**How to complete this task:** Repeat the full listing below verbatim and keep the images out.
Material provided: Begin
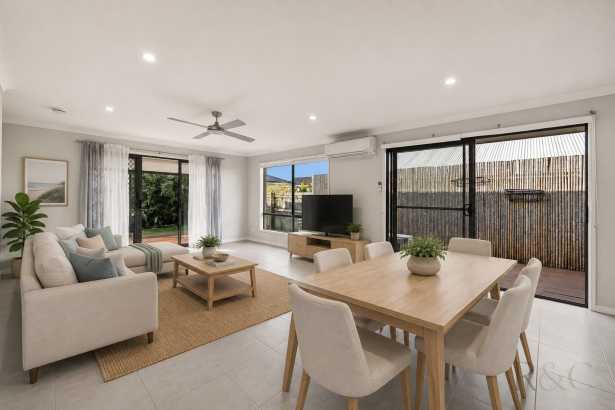 Lifestyle, Location & Easy Living Combined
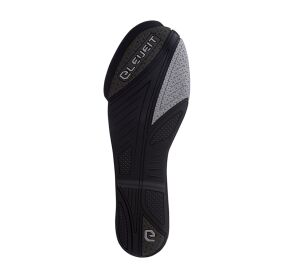 Eleveit BOOSTER black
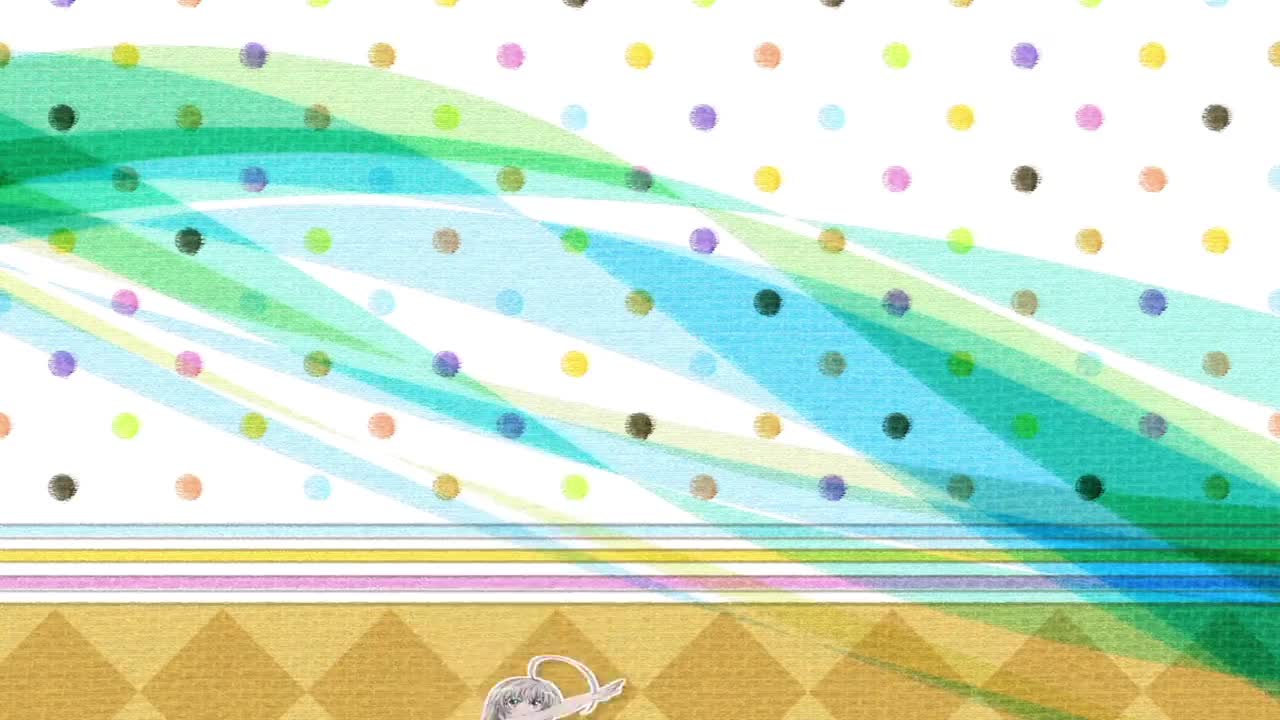 OP3-這いよれOnce Nyagain （潜行吧，奈亚子归来！）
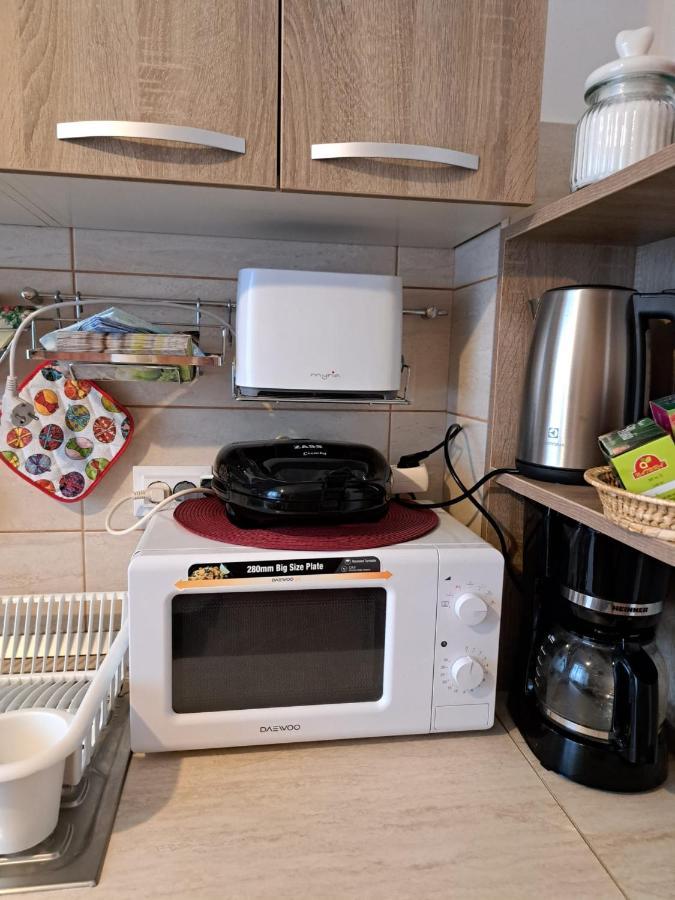 Cozy Apartment In Rasnov Екстериор снимка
Material provided: End
**Response box:**
 Lifestyle, Location & Easy Living Combined
 Eleveit BOOSTER black
 OP3-這いよれOnce Nyagain （潜行吧，奈亚子归来！）
 Cozy Apartment In Rasnov Екстериор снимка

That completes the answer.